Instructions to follow - With the pictures left out, write every entry down exactly.

Input records -
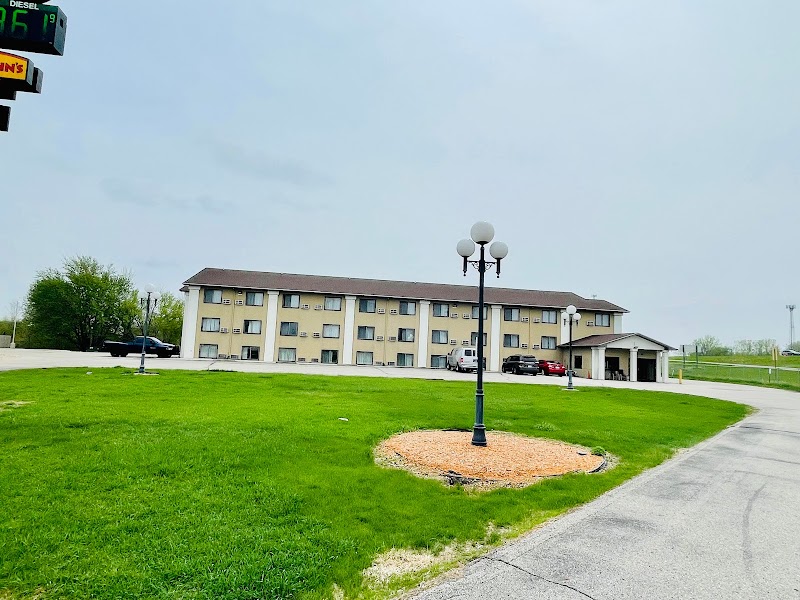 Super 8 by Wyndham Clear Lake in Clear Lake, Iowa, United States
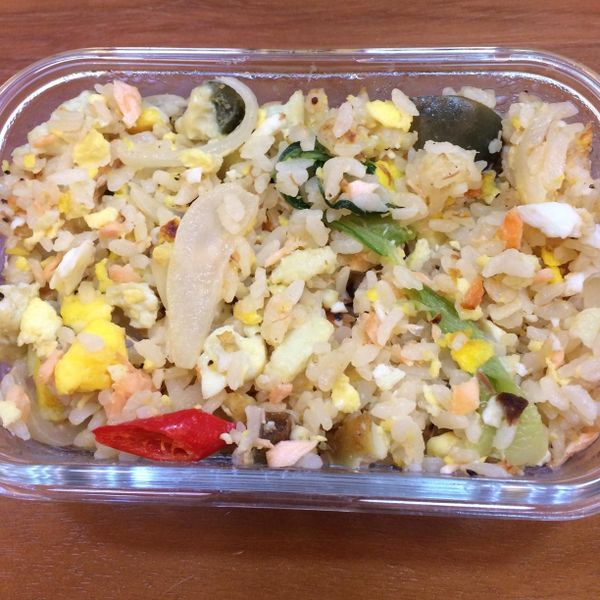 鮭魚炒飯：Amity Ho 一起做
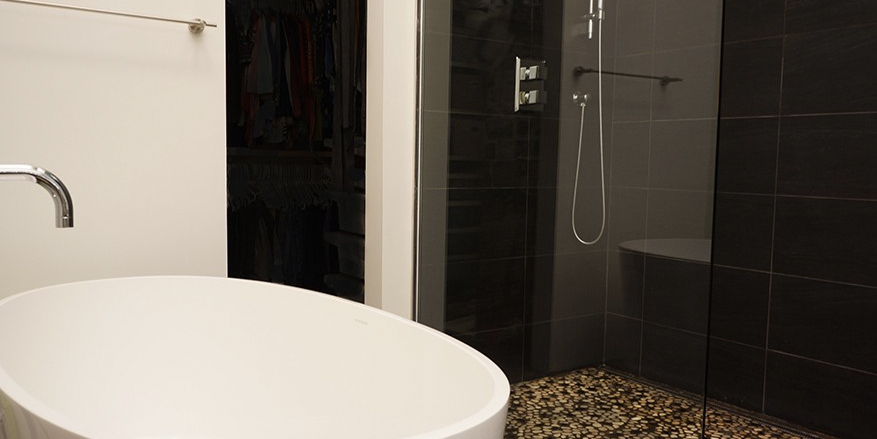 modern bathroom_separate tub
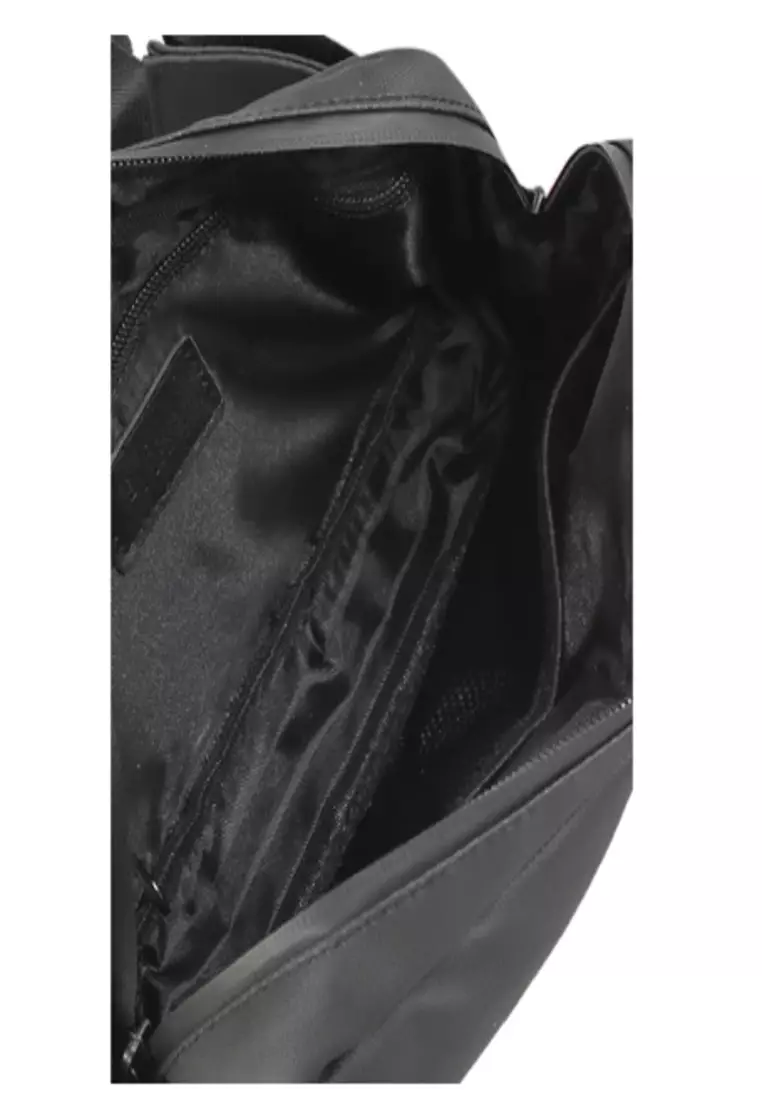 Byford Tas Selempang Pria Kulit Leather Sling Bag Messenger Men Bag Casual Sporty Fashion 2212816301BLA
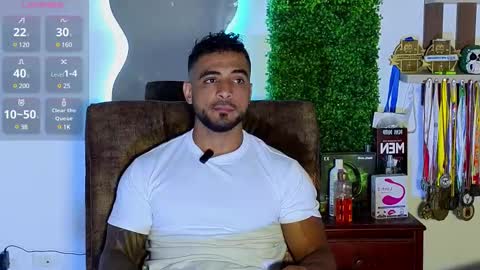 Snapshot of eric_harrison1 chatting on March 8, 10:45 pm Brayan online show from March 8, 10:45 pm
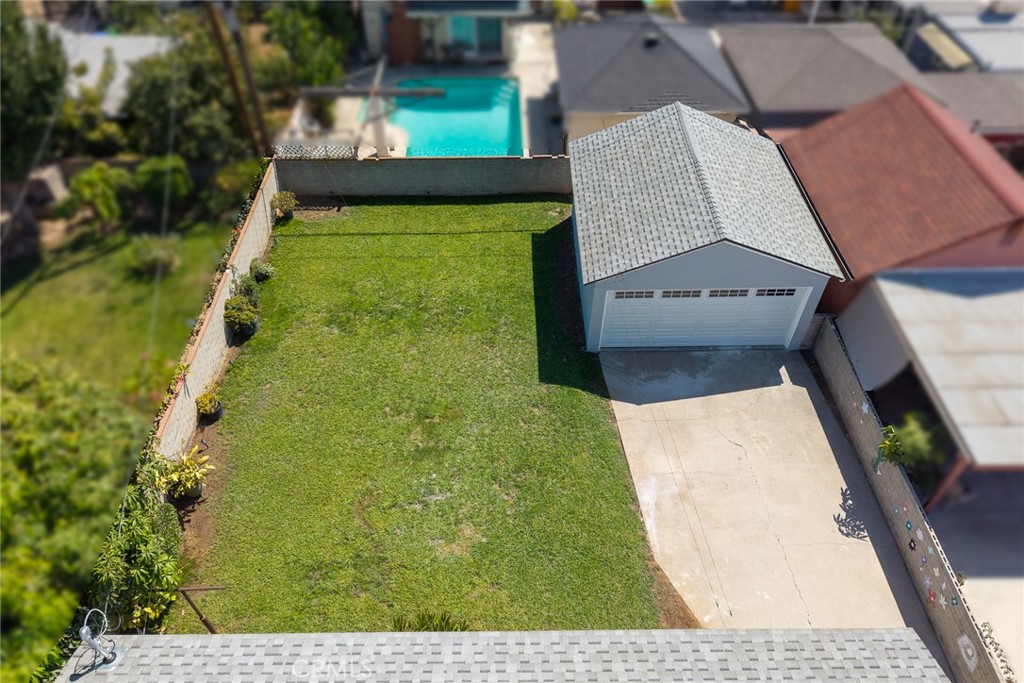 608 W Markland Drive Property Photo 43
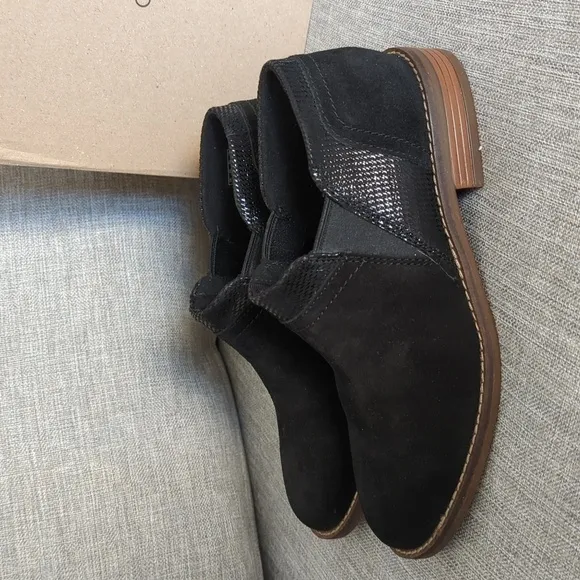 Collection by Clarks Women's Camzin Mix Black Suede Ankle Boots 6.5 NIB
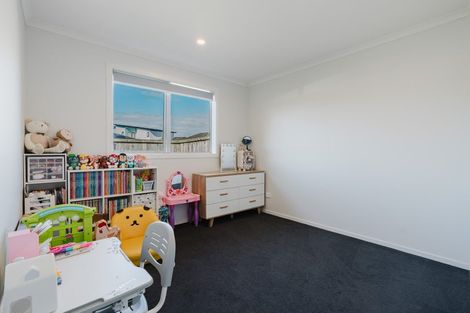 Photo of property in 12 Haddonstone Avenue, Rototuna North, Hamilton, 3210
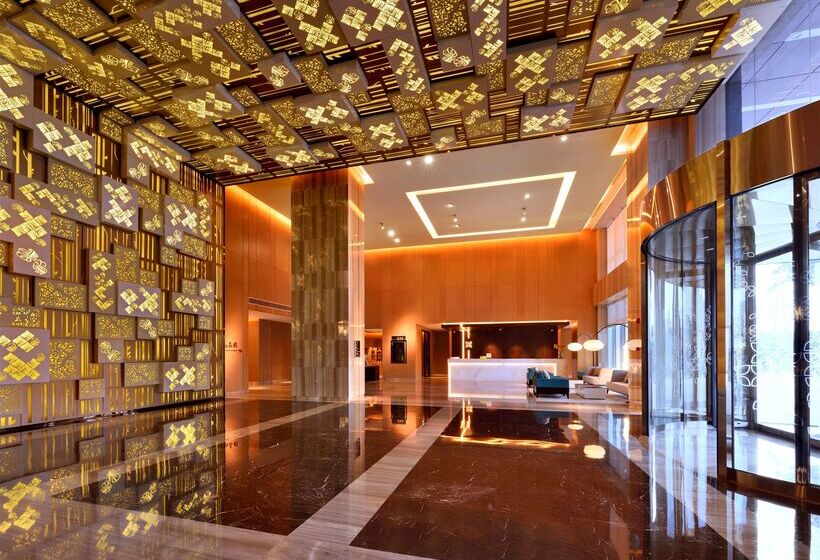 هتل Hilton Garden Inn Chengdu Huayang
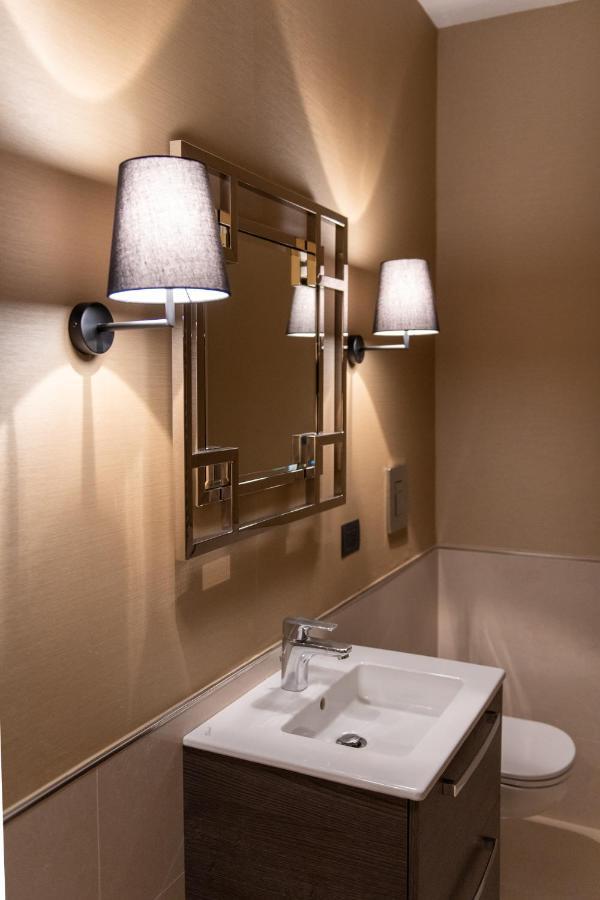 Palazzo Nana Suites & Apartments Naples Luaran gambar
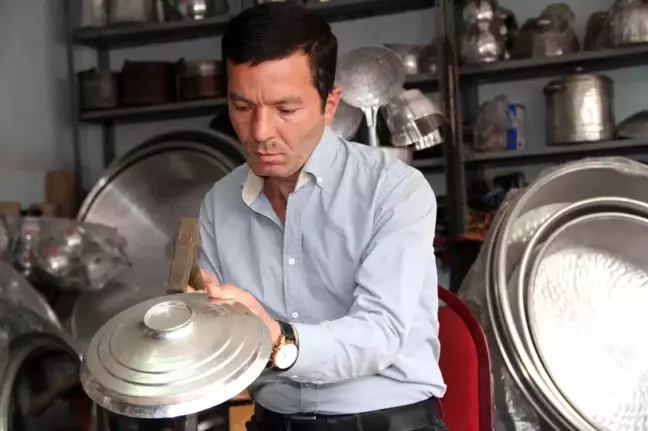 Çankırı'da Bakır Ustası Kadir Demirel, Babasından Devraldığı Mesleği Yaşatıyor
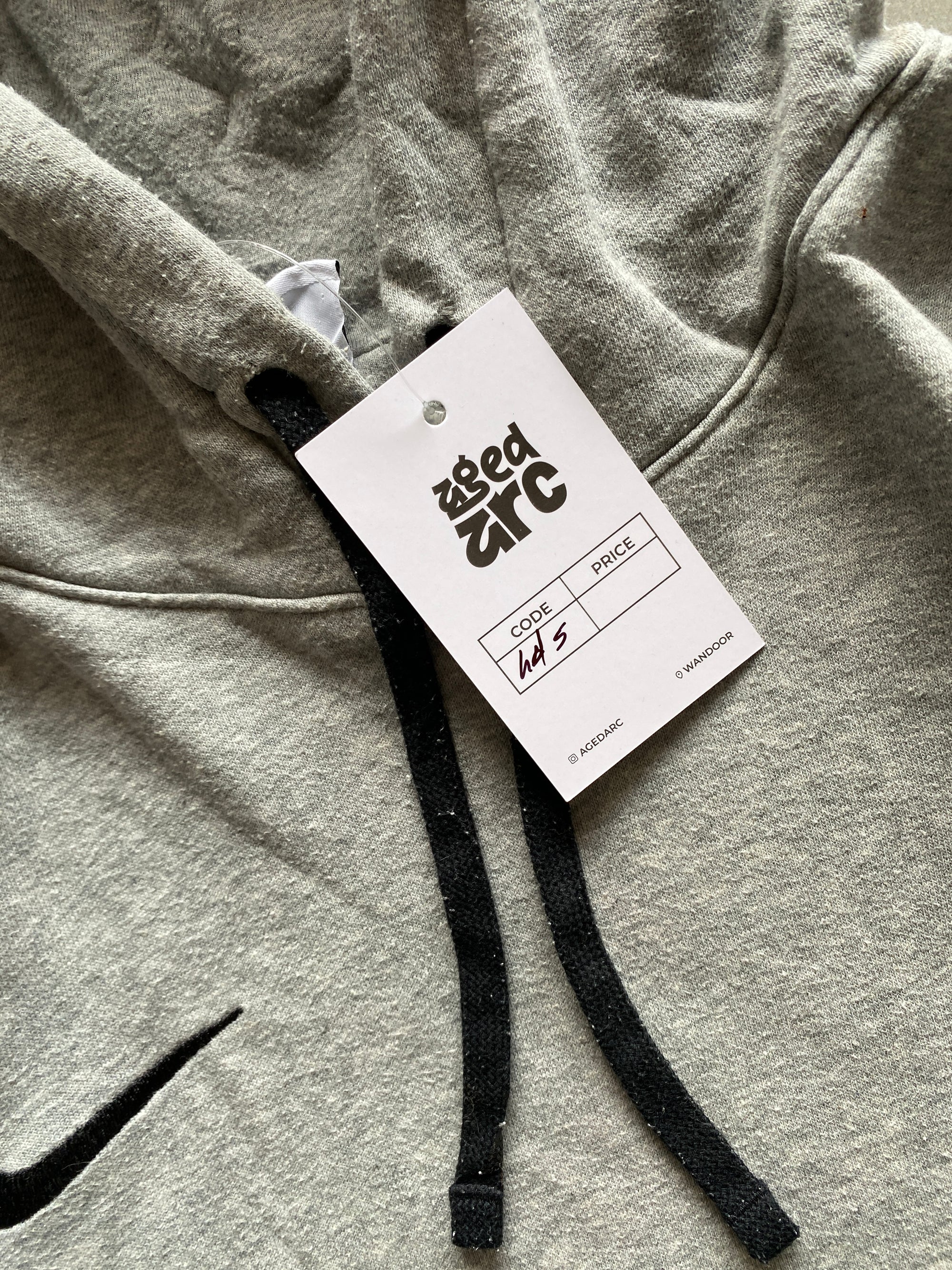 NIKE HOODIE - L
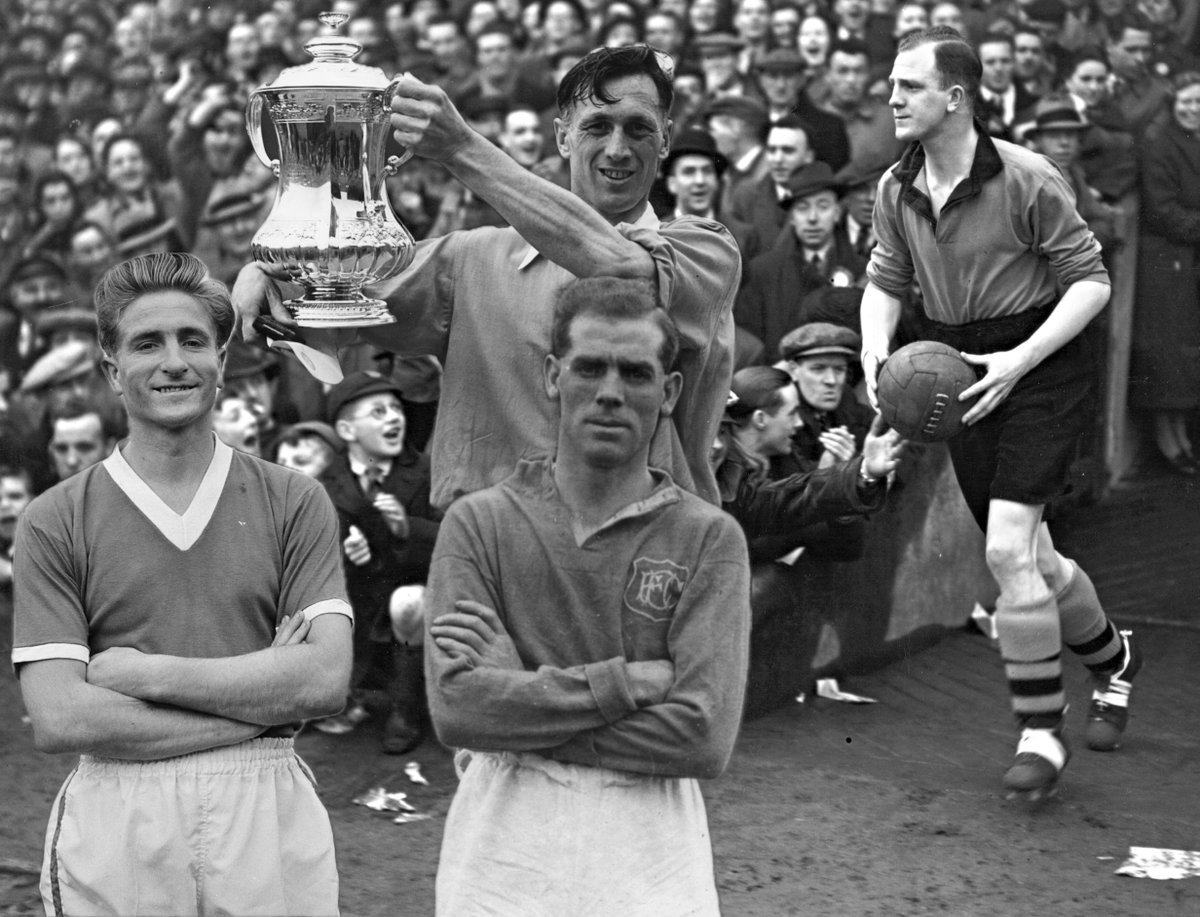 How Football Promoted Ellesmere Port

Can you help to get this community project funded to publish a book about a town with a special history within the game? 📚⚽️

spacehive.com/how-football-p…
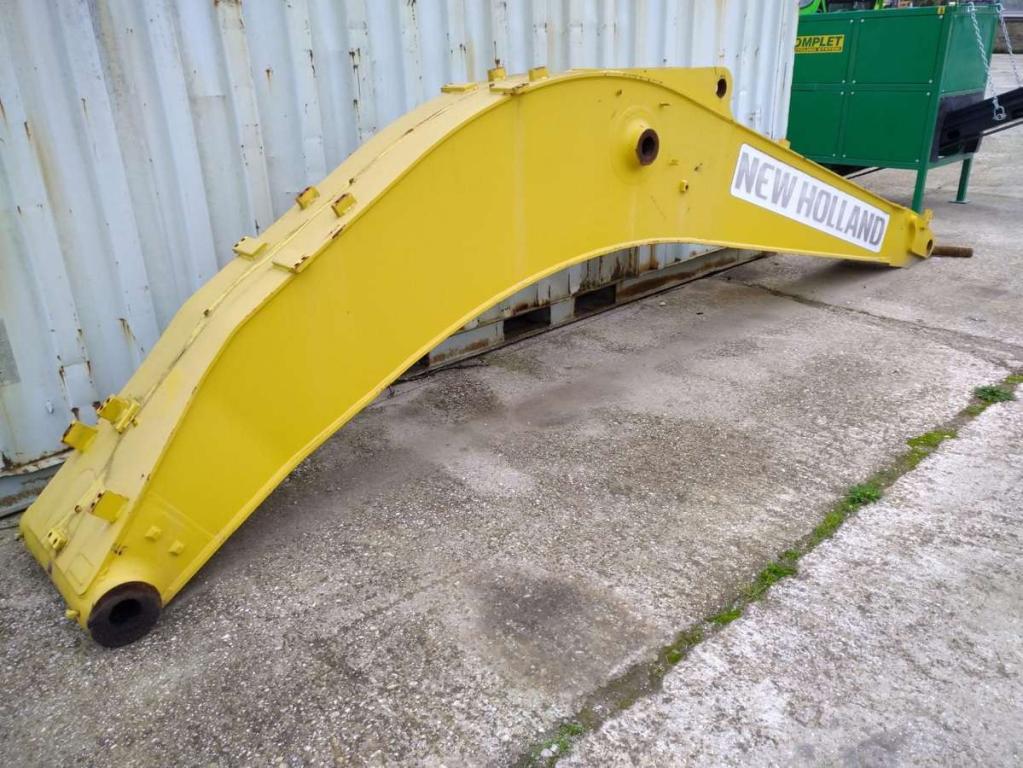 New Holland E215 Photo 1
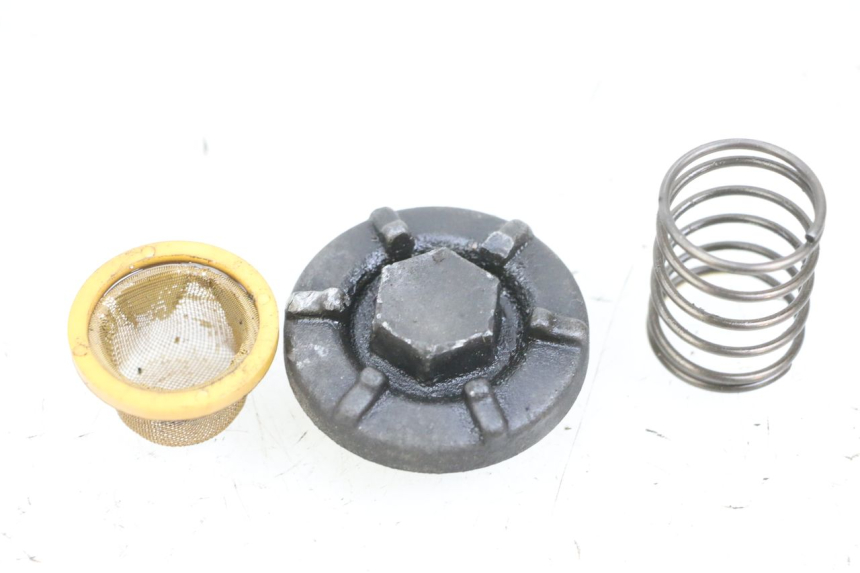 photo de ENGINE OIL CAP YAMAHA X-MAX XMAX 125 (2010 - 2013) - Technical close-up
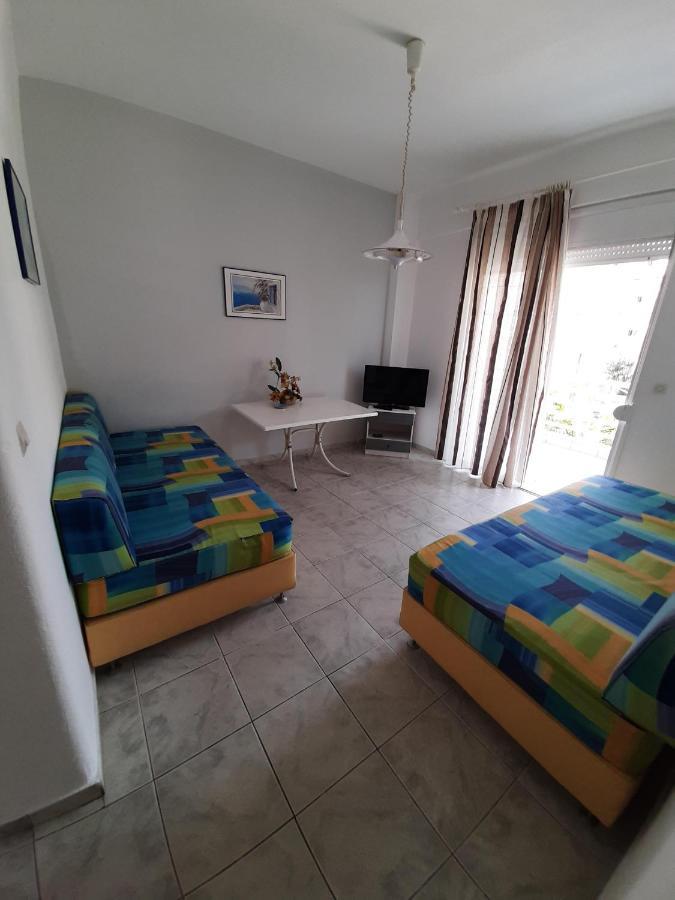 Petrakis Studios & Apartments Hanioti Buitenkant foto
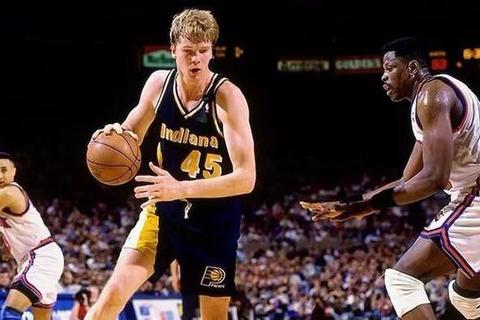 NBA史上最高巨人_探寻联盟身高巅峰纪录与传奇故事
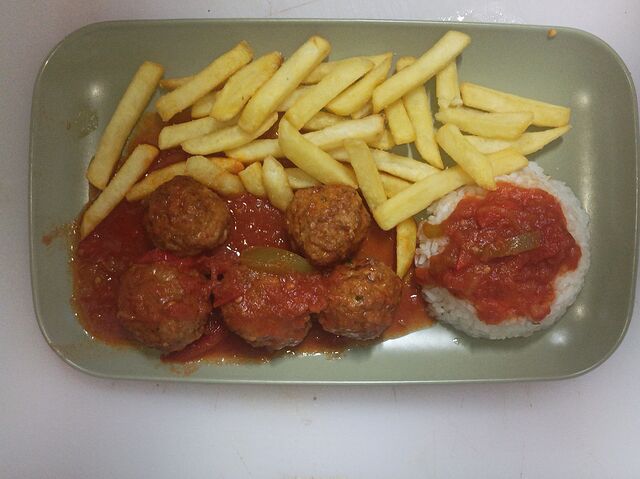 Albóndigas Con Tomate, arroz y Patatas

Task output -
 Super 8 by Wyndham Clear Lake in Clear Lake, Iowa, United States
 鮭魚炒飯：Amity Ho 一起做
 modern bathroom_separate tub
 Byford Tas Selempang Pria Kulit Leather Sling Bag Messenger Men Bag Casual Sporty Fashion 2212816301BLA
 Snapshot of eric_harrison1 chatting on March 8, 10:45 pm Brayan online show from March 8, 10:45 pm
 608 W Markland Drive Property Photo 43
 Collection by Clarks Women's Camzin Mix Black Suede Ankle Boots 6.5 NIB
 Photo of property in 12 Haddonstone Avenue, Rototuna North, Hamilton, 3210
 هتل Hilton Garden Inn Chengdu Huayang
 Palazzo Nana Suites & Apartments Naples Luaran gambar
 Çankırı'da Bakır Ustası Kadir Demirel, Babasından Devraldığı Mesleği Yaşatıyor
 NIKE HOODIE - L
 How Football Promoted Ellesmere Port

Can you help to get this community project funded to publish a book about a town with a special history within the game? 📚⚽️

spacehive.com/how-football-p…
 New Holland E215 Photo 1
 photo de ENGINE OIL CAP YAMAHA X-MAX XMAX 125 (2010 - 2013) - Technical close-up
 Petrakis Studios & Apartments Hanioti Buitenkant foto
 NBA史上最高巨人_探寻联盟身高巅峰纪录与传奇故事
 Albóndigas Con Tomate, arroz y Patatas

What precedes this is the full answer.